The second half of 2014 I look back on in fondness. I pushed myself out of my comfort zone and really came along in terms of my mental health, achievements and general overall functioning from day to day. For me, I think the trick was being prescribed the right medications whereas previously I was denied any form of help – my struggle continued to spiral and in all honesty, I could not face living my life like that anymore. So I attempted to kill myself. It all changed from there.

I saw my GP and he disagreed that my depression was a “gloomy personality” and finally prescribed me anti-depressants. As they began to work, and the edge of my darkness began to shift away from my imminent existence I began to see the light again. I could wake up and not cry again. I could go out and have fun again. I could get up, function, go out and really give this, making a life worth living business a go – and that is exactly what I did do.

I was already discharged from my CMHT, but when I look back at the time i was under them I know that they only served to make me worse. Now though, I have a support worker who listens, and a GP who cares and helps. I no longer engage with the services of no use for me, and I finished therapy. I started college, and actually kept on going when I wanted to quit after the first day. I made friends, and I actually socialise. I am no longer a shadow of myself, but I am becoming a whole person: a whole functioning person I say.

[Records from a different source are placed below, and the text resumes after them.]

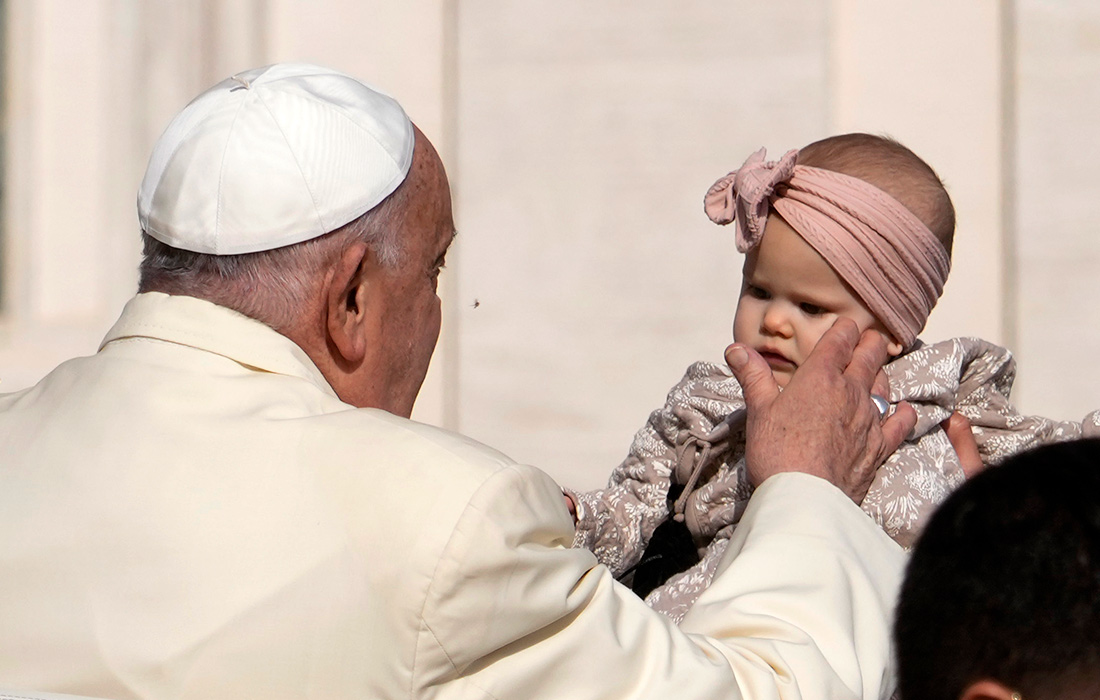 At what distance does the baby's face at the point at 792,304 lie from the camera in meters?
2.88

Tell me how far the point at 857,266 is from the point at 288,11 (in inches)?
106

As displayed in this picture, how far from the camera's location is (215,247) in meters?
2.07

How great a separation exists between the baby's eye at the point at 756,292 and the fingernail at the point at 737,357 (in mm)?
251

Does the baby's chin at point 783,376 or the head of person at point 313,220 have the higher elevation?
the head of person at point 313,220

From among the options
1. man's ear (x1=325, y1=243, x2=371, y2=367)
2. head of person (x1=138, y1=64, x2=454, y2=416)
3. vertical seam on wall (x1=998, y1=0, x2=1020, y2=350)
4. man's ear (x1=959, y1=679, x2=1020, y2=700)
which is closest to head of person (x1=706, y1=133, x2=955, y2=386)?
head of person (x1=138, y1=64, x2=454, y2=416)

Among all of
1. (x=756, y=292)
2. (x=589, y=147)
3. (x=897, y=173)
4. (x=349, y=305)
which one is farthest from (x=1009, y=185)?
(x=349, y=305)

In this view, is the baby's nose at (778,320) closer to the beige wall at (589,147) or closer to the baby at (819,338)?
the baby at (819,338)

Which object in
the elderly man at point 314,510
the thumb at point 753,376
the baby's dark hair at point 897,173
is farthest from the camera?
the baby's dark hair at point 897,173

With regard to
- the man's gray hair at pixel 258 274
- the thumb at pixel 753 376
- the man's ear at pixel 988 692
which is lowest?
the thumb at pixel 753 376

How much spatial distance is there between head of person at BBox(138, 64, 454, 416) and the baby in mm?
838

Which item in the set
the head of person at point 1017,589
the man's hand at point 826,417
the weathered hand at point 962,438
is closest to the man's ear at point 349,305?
the man's hand at point 826,417

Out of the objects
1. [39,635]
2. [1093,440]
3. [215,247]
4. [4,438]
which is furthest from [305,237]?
Result: [1093,440]

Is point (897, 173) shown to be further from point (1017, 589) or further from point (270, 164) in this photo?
point (1017, 589)

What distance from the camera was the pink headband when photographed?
2812 mm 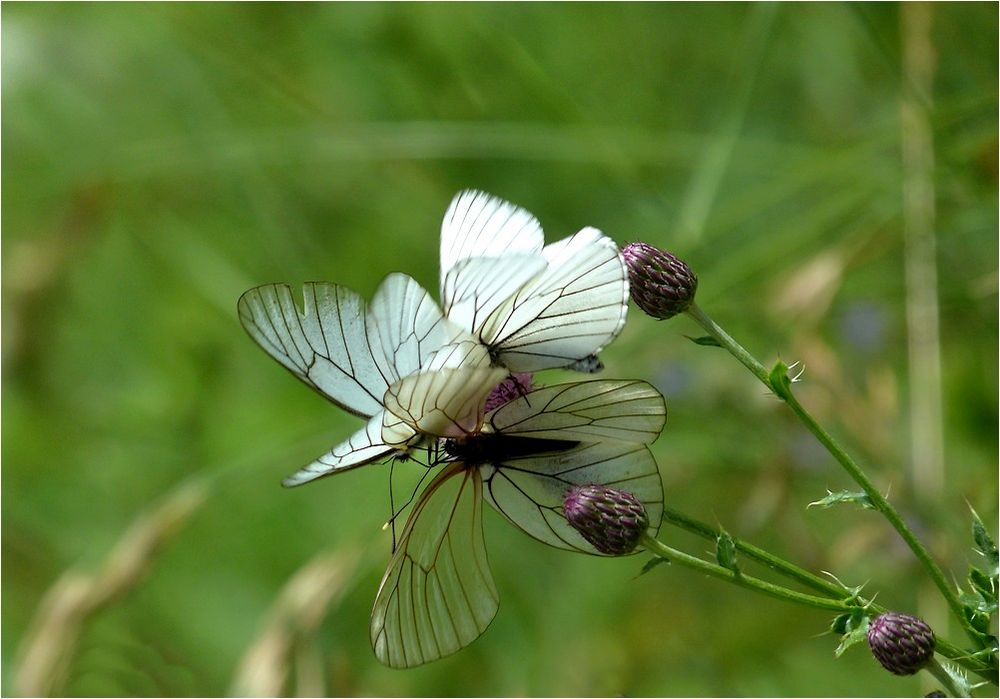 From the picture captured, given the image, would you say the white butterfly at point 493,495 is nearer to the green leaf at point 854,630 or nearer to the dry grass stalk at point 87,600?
the green leaf at point 854,630

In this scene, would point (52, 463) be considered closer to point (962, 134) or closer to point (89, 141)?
point (89, 141)

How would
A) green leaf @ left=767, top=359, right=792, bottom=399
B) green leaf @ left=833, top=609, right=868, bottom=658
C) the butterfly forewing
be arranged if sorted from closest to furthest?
1. green leaf @ left=833, top=609, right=868, bottom=658
2. green leaf @ left=767, top=359, right=792, bottom=399
3. the butterfly forewing

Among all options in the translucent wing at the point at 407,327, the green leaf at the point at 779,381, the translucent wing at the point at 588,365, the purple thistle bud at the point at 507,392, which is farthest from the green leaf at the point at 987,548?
the translucent wing at the point at 407,327

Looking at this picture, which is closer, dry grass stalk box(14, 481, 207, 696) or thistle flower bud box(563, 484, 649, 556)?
thistle flower bud box(563, 484, 649, 556)

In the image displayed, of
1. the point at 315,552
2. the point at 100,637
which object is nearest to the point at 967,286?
the point at 315,552

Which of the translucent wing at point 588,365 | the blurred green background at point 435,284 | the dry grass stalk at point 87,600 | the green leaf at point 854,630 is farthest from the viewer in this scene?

So now, with 2014 behind me, and the last half of it a positive memory, I look forward to 2015. I look forward to completing college. I look forward to running Tough Mudder in september in order to raise money for mind (the link is in the sidebar), I look forward to vlogging and blogging about my Tough Mudder Journey. I look forward to writing here about my journey. I look forward to spending time with friends, and my girlfriend. This year, instead of the new start bringing a sense of dread and defeat it is bringing excitement and anticipation for the goods things I have going in my life: even if I am slightly depressed at the moment and struggling with dissociation – I am fighting. I am fighting strong with the right support, and for that not only am I thankful, but I’m excited for life to only get better. I’m excited for life to improve and to build myself that life worth living.